Extensions of diffeomorphisms from $R^3$ to $S^3$. Is there a convenient theorem about which diffeomorphisms $f: \mathbb R^3\rightarrow\mathbb  R^3$ can be extended to diffeomorphisms $\overline{f}: S^3\rightarrow S^3$?
That is, given a diffeomorphism $f:\mathbb R^3\rightarrow\mathbb R^3$, when does there exist an inclusion $i:\mathbb R^3\rightarrow S^3$ inducing a homeomorphism between $R^3$ and $i(\mathbb R^3)$ such that the map $\overline{f}: S^3\rightarrow S^3$ which fixes the point at infinity and is equal to $i\circ f\circ i^{-1}(x)$ for every other $x\in S^3$ is a diffeomorphism?
 A: Here's one approach for stereographic projection, which can be generalized to any inclusion which maps onto the sphere minus one point.
Let $i:\mathbb{R}^3\to S^3$ be the standard stereographic projection, and $p\in S^3$ such that $i(\mathbb{R}^3)=S^3\setminus p$.
The extension $\bar{f}$ is automatically determined on $S^3\setminus p$, and if a smooth extension exists, then the limits at $p$ of $\bar{f}$ and all of its derivatives must be well behaved. This corresponds to a set of conditions "at infinity" for $f$ and its derivatives. A simple way to keep track of these is by choosing a convenient chart around $p$.

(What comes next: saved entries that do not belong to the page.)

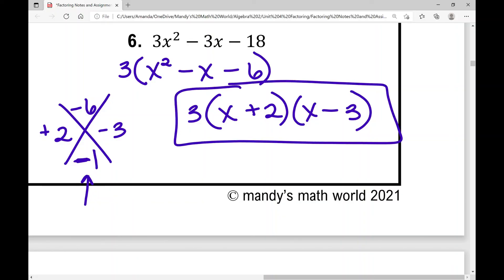Let's move on to how to factor a quadratic trinomial when a is not 1. I have the option to use one of three different methods, and the next videos are going to show you the second half of this lesson.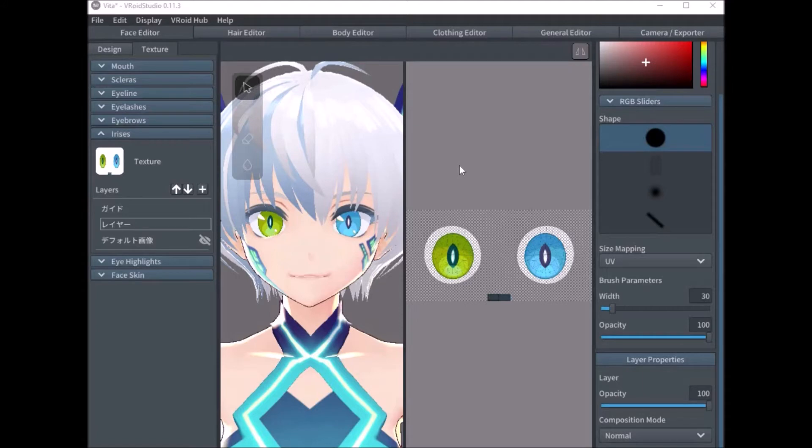Hello everyone! In this tutorial I'm going to be showing you how to mirror eye texture in Vero Studio. So let's start.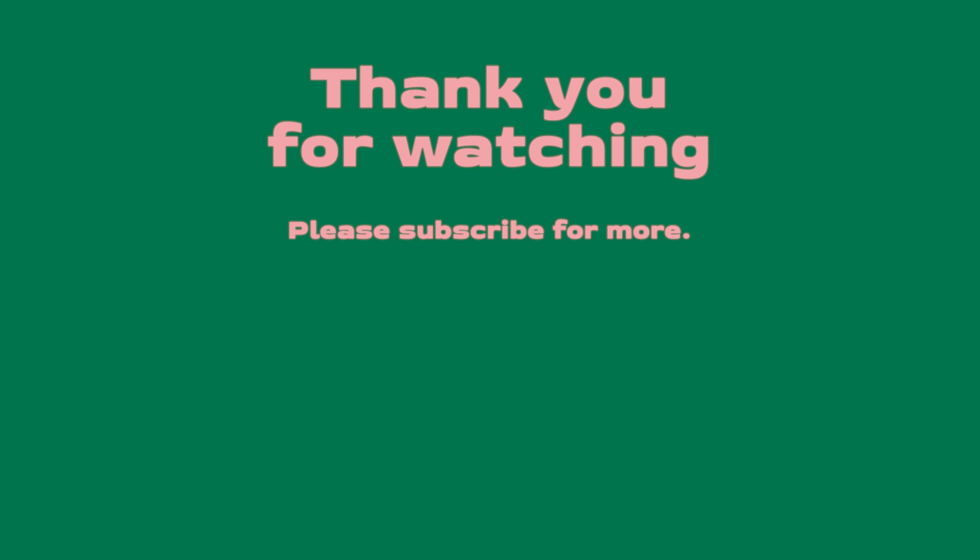Once again, thank you so much for watching. Thank you for all your support. Don't forget to leave a comment, don't forget to subscribe to this channel, and I will see you on my next video.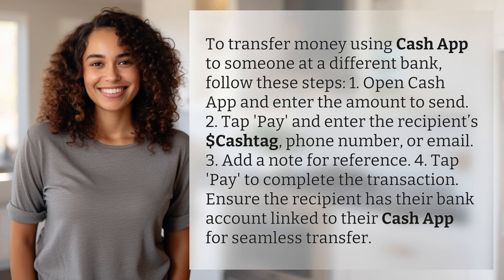To transfer money using Cash App to someone at a different bank, follow these steps.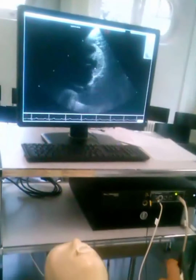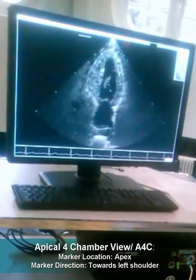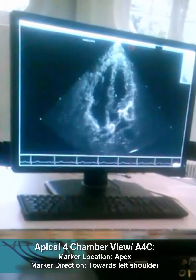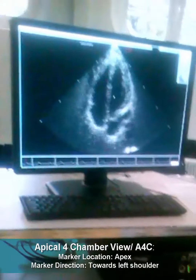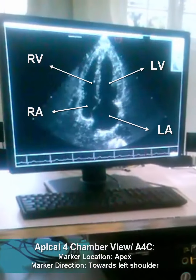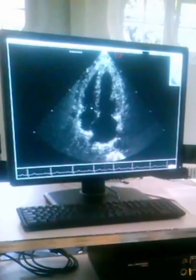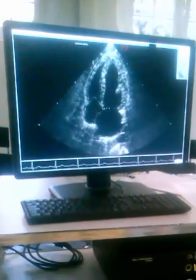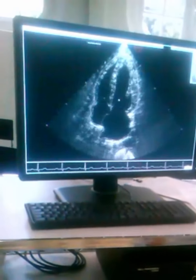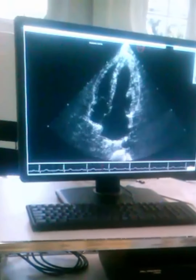Now we will move to the apex of the heart. You can see the four-chamber view now: left atrium, left ventricle, right atrium, right ventricle. As you see, the level of the tricuspid valve is positioned more downward than the level of the mitral valve — so this is the left side, this is the right side. And these are the pulmonary veins and this is the descending aorta.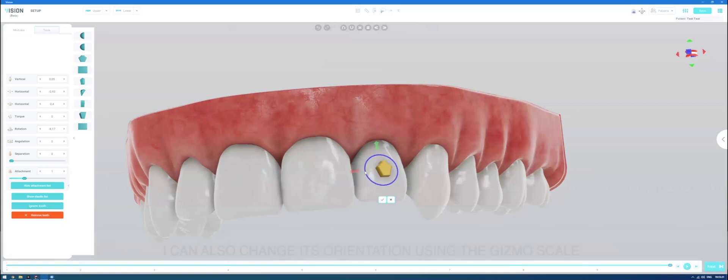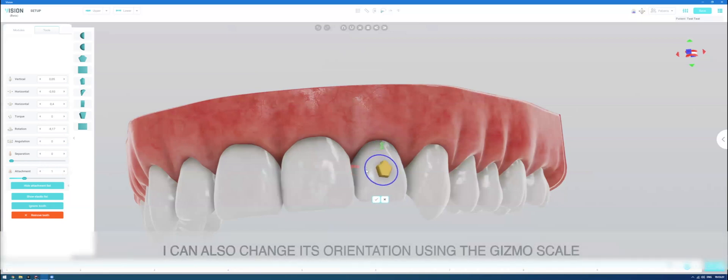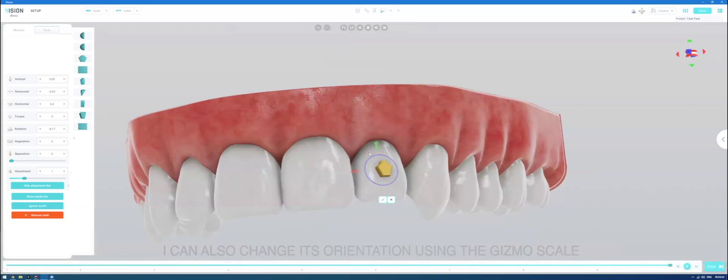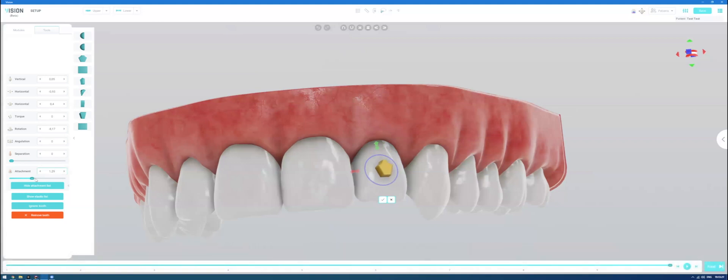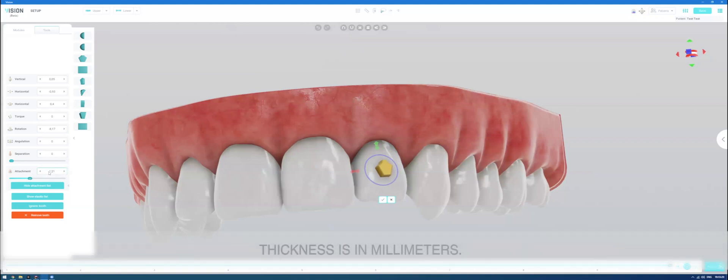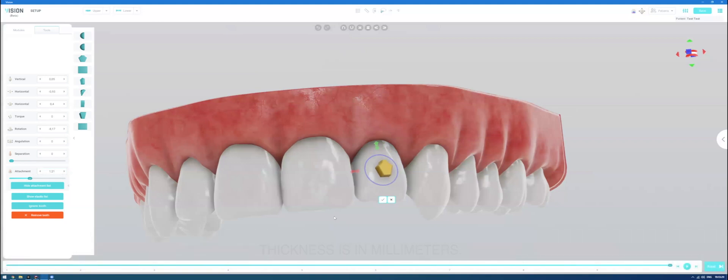I can also change its orientation using the gizmo, scale, and change the thickness on the left. Thickness is in millimeters.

For instance, in this case we can use the reversed stereographic projection as a chart. The local representative $g:\mathbb{R}^3\setminus 0\to\mathbb{R}^3\setminus 0$ is given by
$$
g(x)=f\left(\frac{x}{\|x\|^2}\right)
$$
and $f$ has a smooth extension iff $g$ and all of its partial derivatives have finite limits at zero. Furthermore, this extension is a diffeomorphism if the limit of $dg$ at zero is full rank, i.e. if the limit of the Jacobian determinant of $g$ at zero is nonzero.